When Marie Cornish represented Australia at the 1978 World Cup in India she played in front of a crowd of close to 30,000 people.
It seemed things couldn't get much better.
Fast forward 42 years and Cornish was sitting at home in Wellington, watching Australia win the ICC Women's T20 World Cup in front of more than 86,000 people at the MCG.
"Any cricket fan would have been thrilled," the stalwart of Western Zone cricket said.
"It was a historic event, not just for women's cricket but for women's sport."
The game has not only grown an incredible amount since Cornish's time in the green and gold, it's rocketed to a new level or exposure and popularity in just the last few years.
Australian captain Meg Lanning and player of the match Alyssa Healy, who set up the decider victory with a blistering 39-ball knock of 75, both said post-game they never through they would get to part of on occasion like what was seen at the MCG.
Cornish described her experience in India as "an amazing rush" and it was the same for all those in green and gold on Sunday night.
The World Cup brought a whole new level of attention to the game and that, combined with Australia's success, had led to what Cornish said is "an exciting opportunity to keep growing".
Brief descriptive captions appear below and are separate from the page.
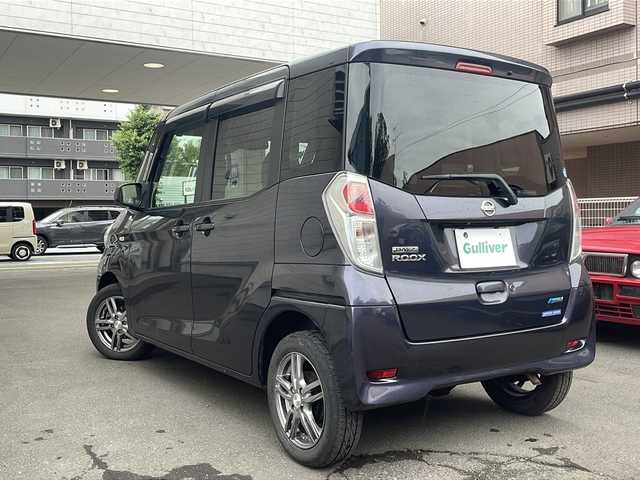 日産 デイズ ルークス X 道央・札幌 2015(平27)年 6.1万km プレミアムパープルP 4WD/純正ナビ(AM/FM/CD/TV/CD/SD)/純正フロアマット/純正ドアバイザー/ETC/アイドリングストップ/パワースライド左側/衝突被害軽減システム/横滑り防止/シートヒーターD席/バックカメラ/プッシュスタート/インテリジェントキー/サンシェード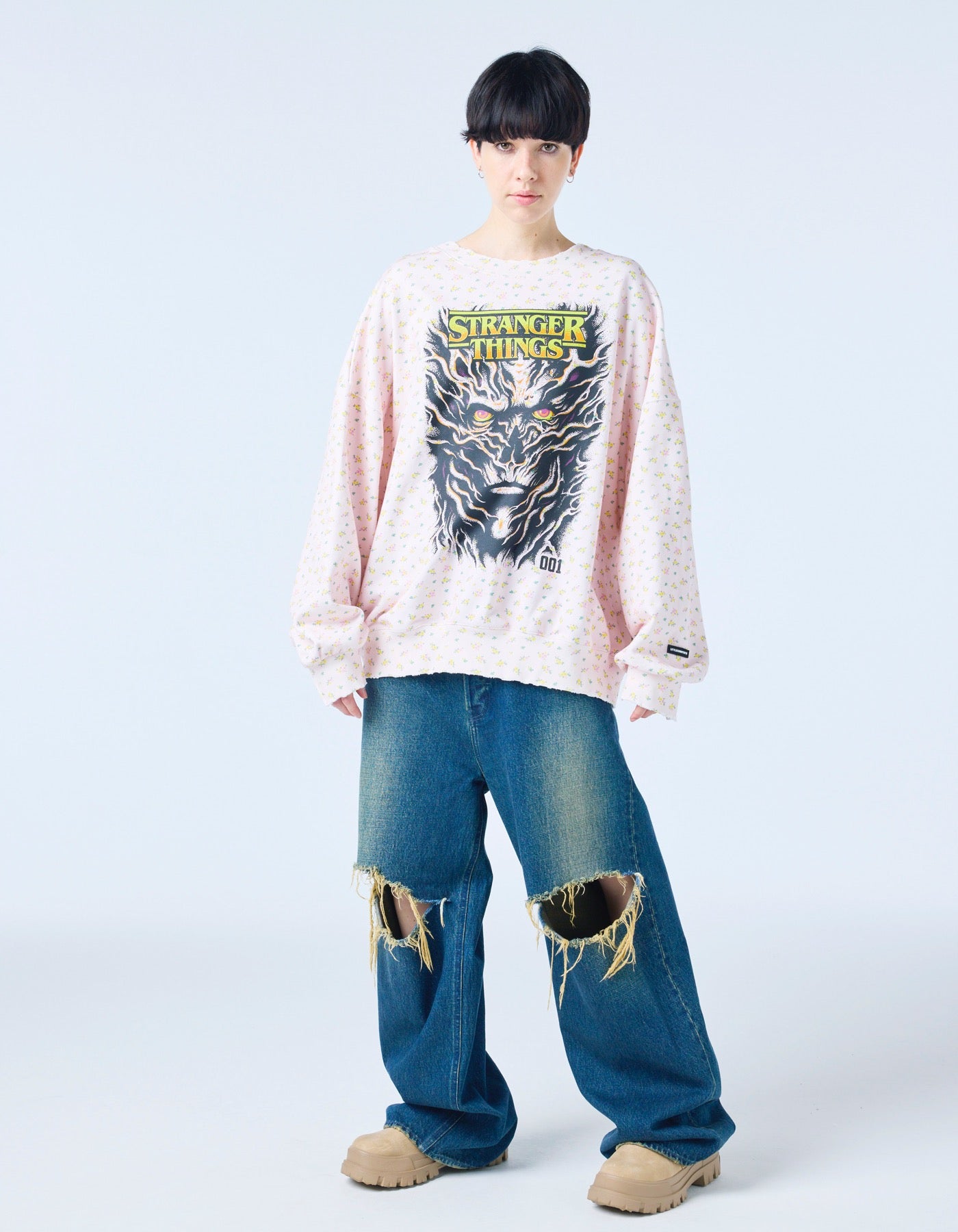 STRANGER THINGS×little sunny bite Sweat little Sunny Bite stranger things x little sunny bite floral sweat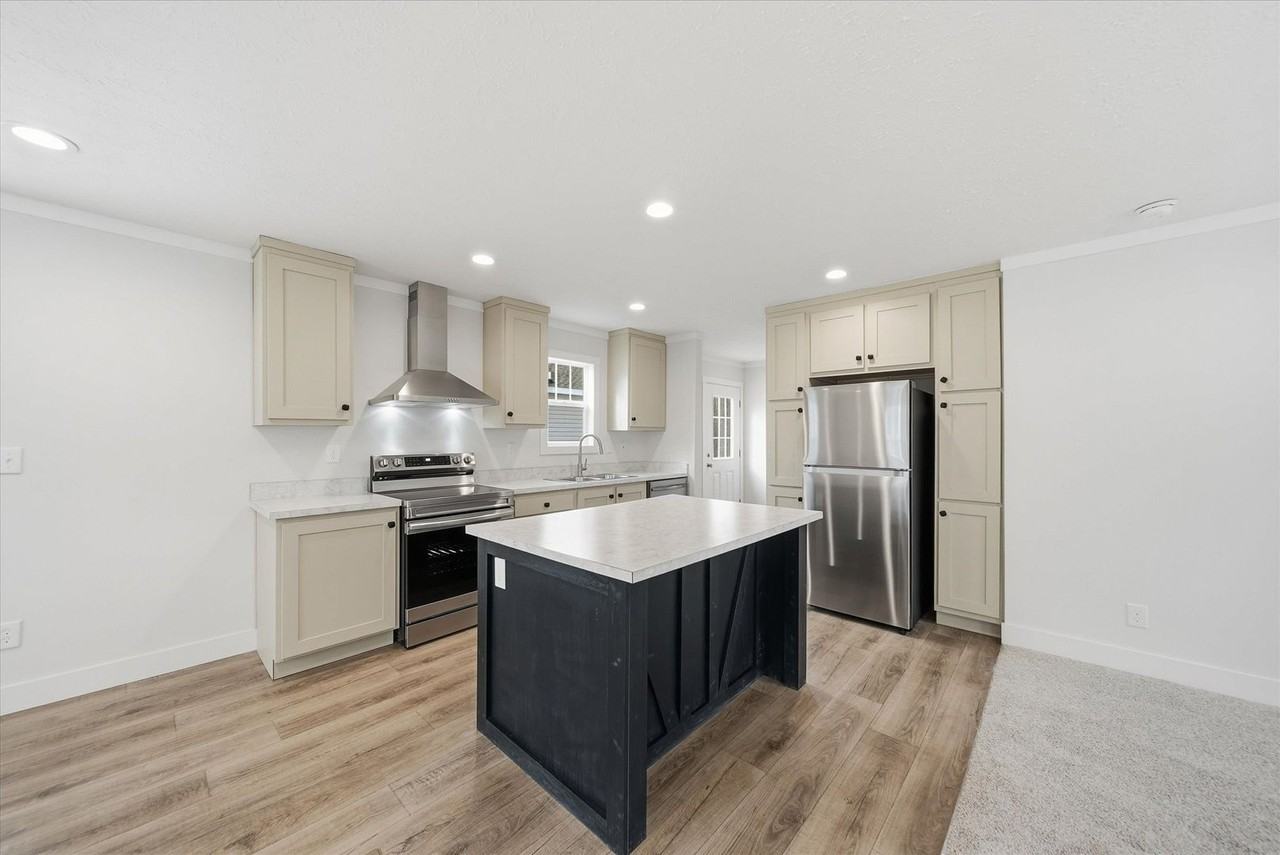 2110 24th St Ne - Photo 5 of 20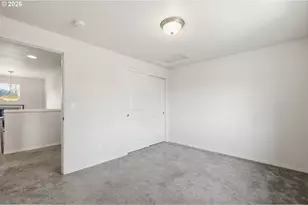 5270 Squirrel St, Springfield, OR 97478 - Photo 11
That's the aim here in the western area and a school from Cornish's Wellington will be one of 12 heading to Dubbo in the coming weeks for high schools hard ball Twenty20 competition, with other sides coming from Gilgandra, Mudgee, Forbes and Parkes.
Cricket NSW manager for Far West, Matt Ellis, is delighted by those numbers and eager is keep riding the wave created by the national side in recent times.
There will also be a four-week program for female players in the upper primary to lower high school age range in the coming weeks, offering those who have already got into the game a further chance to develop their skills.
Ellis hopes even more young female players will now want to give the game a go.
"There's now some tangible role models for our girls to look up to in the western region," Ellis said.
"They're starting to identify with elite level cricketers and our girls are hoping and aspiring to be on that stage."
The western area has been one of the strongest developers of female talent in recent times and not just because of the efforts of players like Phoebe Litchfield, Lisa Griffith and Emma Hughes.
The challenge now building on it and dealing with the game coming professional.Marie Cornish
There was 80 registered players during the most recent Dubbo District Cricket Association junior girls' program and it was such a success Cricket NSW Female Participation Specialist Samantha Devlin made a special trip west to see what made it so popular.
Ellis hoped Sunday night "was hopefully just the beginning" for women's cricket and as excited as Cornish is, she also acknowledge the challenges facing the game in regional areas.
While numbers are growing, those in the smaller centres like Wellington make standalone competitions difficult while Cornish, who played nine Tests and 16 one-day internationals for Australia, would also like to see more on offer for players once they leave the junior grades.
While acknowledging the game is improving and more competitions start each season, Cornish wants the pathway to remain strong as the top level becomes more professional.
"The WBBL is doing that and there's the national country championships as well and there's now the Regional Bash and it all keeps them in the game," Cornish said.
"That way those who play or are just involved in the game can be eligible for that and they could go on to nationals or even the WBBL."
With the game becoming more professional than it ever has, Cornish said there will also have to be a bigger focus on welfare in the coming years as players of all ages have to deal with spending time away from the game due to issues and injuries.
"The challenge now building on it and dealing with the game coming professional," she said.